In [1]:
# This notebook applies the GXBoost model to a years worth a cliamte data. 

In [14]:
import pickle
import glob
from tqdm.auto import tqdm
import os
from datetime import datetime
import dateutil.relativedelta
import json
from pathlib import Path
from threading import Thread
import warnings

import geopandas as gpd
import pandas as pd
from sklearn.metrics import mean_absolute_error
from xgboost import XGBRegressor
from multiprocess import Pool

In [15]:
model_name = 'dam_forecast_11-10-22.pkl'

In [17]:
# read in vars
%store -r dam_forcast_working_dir
%store -r min_year
%store -r max_year
%store -r climate_types
%store -r point_data_input_path
%store -r dam_forcast_working_dir
%store -r time_step_folder
# set up some folders
output_folder = os.path.join(dam_forcast_working_dir,'monthly output v2')
Path(output_folder).mkdir(exist_ok=True)
# location of model file
model_folder = os.path.join(os.getcwd(),'data')
model_path = os.path.join(model_folder,model_name)
'found model?',os.path.isfile(model_path)

('found model?', True)

In [18]:
# load in data from meta file
with open(model_path.replace('.pkl','.json'), 'r') as fp:
    meta_dict = json.load(fp)

In [19]:
# load up model
xgb_reg_models = pickle.load(open(model_path, "rb"))

In [20]:
# get a refence to each time step
time_steps = glob.glob(time_step_folder+'/*.pkl')
len(time_steps)

1032

In [21]:
# open vector data
dam_points = gpd.read_file(point_data_input_path)
dam_points.head()
# reproject to WGS 84 if not already
if dam_points.crs.to_epsg() != 4326:
    print('Reprojecting')
    dam_points = dam_points.to_crs("EPSG:4326")

In [22]:
# this func takes in input date and return 13 months worth climate data for each point
def build_inf_df(start_date):
#     convert string date to datetime
    start_date_dt = datetime.strptime(start_date, '%Y%m')
    point_sample_df_list = []
#     loop over each calimte and relative month
    for climate_type in climate_types:
            for month_shift in range(0,13):
#                 get actual date from relative month
                shifted_date_dt = start_date_dt - dateutil.relativedelta.relativedelta(months=month_shift)
#                 build export path
                month_str = str(shifted_date_dt.month).zfill(2)
                file_name = f'{shifted_date_dt.year}{month_str}_{climate_type}.pkl'
                relative_date_name = f'{climate_type}_{month_shift}_months before'
                time_step_file_path = os.path.join(time_step_folder,file_name)
#                 open file and name col name relative
                try:
                    point_sample_df = pd.read_pickle(time_step_file_path)

                    point_sample_df.rename(columns={point_sample_df.columns[0]: relative_date_name}, inplace=True)

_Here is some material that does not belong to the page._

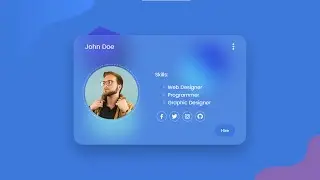 Modern Glass morphism Portfolio card made with only HTML & CSS  | Personal Profile Card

                    point_sample_df_list.append(point_sample_df)
                except Exception as e:
                    print(e)
#     combine all data
    all_time_steps = pd.concat(point_sample_df_list,axis=1)
    
    all_time_steps_with_point_data = pd.concat([dam_points['dam_area'],all_time_steps],axis=1)
#     make sure all data is in correct order
    all_time_steps_with_point_data = all_time_steps_with_point_data.reindex(meta_dict['col_names'], axis=1)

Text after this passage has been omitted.